Gary
Gary

Reputation: 4241

How can I make a property of a class case-insensitive?

In CoffeeScript, let's say I've got the following:

class Greeter
    message: ->
        greeting = switch @gender
            when 'male' then 'Sir'
            when 'female' then 'Madame'
            else 'Unknown'

        "Hello #{greeting}!"

greeter = new Greeter
greeter.gender = 'Male'
alert greeter.message()

This currently alerts Hello Unknown! when I want it to output Hello Sir!.

How do I make it so that the Greeter class will lowercase the @gender instance variable so that the correct output is achieved? I don't want to just lowercase it in the message method, but rather, all throughout an Instance of the Class. This is so that it works in other methods too.

I think I'm missing something very basic but I just can't seem to wrap my head around it.

NOTE: To those saying I got the capitalization wrong for "Male". Yes, I purposely did that. I'd like the class to automatically lowercase gender in all cases, before using it. So the user can get the capitalization wrong and it still works.

The reason is that I'd eventually like to extrapolate this to other situations, rather than just those dealing with case-insensitivity issues.

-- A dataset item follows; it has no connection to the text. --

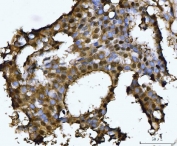 IHC staining of FFPE human breast cancer tissue with PSMB4 antibody. HIER: boil tissue sections in pH8 EDTA for 20 min and allow to cool before testing.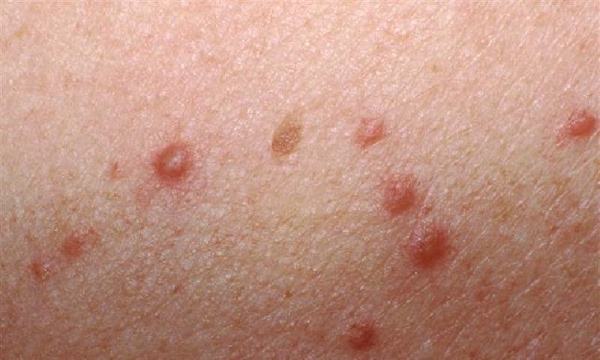 Papilomas no corpo feminino. Causas e tratamento, como se livrar dos remédios populares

Some people have mentioned JavaScript Getters and Setters, which are relatively new and therefore not supported in all major browsers. I'll take a look at those. I'm somewhat familiar with them through Ruby.

Upvotes: 1

Views: 319

Answers (2)

jcollum
jcollum

Reputation: 46609

coffee> 
  class Greeter
    message: =>
        greeting =
          if /^male/i.test(@gender) then 'Sir'
          else if /^female/i.test(@gender) then 'Madame'
          else 'Unknown'

        "Hello #{greeting}!"

greeter = new Greeter
greeter.gender = 'Male'
greeter.message()

'Hello Sir!'
coffee> greeter.gender  = 'female' 
'female'
coffee> greeter.message()
'Hello Madame!'
coffee> greeter.gender  = 'smizmar' 
'smizmar'
coffee> greeter.message()
'Hello Unknown!'
coffee> 

So that's the simple way to do it, but it doesn't change the value stored. To do that, you'll need to use Object.defineProperty (SO answer about it):

Function::property = (prop, desc) ->
  Object.defineProperty @prototype, prop, desc

class Greeter
  constructor: () ->
  @property 'gender',
    get: -> "#{@ciGender}"
    set: (v) -> @ciGender = v.toLowerCase()
  message: ->
    greeting = switch @ciGender
        when 'male' then 'Sir'
        when 'female' then 'Madame'
        else 'Unknown'

    "Hello #{greeting}!"

Upvotes: 0

Sylvain Leroux
Sylvain Leroux

Reputation: 52040

Male is not male. Try normalize your string as lower case:

message: ->
    greeting = switch @gender.toLowerCase()
        when 'male' then 'Sir'
        when 'female' then 'Madame'
        else 'Unknown'

If necessary, you might want to encapsulate the call to lowercase in some property getter: https://stackoverflow.com/a/11592890/2363712 Something like that:

class Greeter
    constructor: ->
        Object.defineProperty  @, 'gender',
            get: ->
                return @_gender
            set: (value) ->
                @_gender = value.toLowerCase()

    message: ->
        greeting = switch @gender
            when 'male' then 'Sir'
            when 'female' then 'Madame'
            else 'Unknown'

        "Hello #{greeting}!"

For this to work, your run-time environment must support Object.defineProperty
See that table for a quick lookup of supported browsers.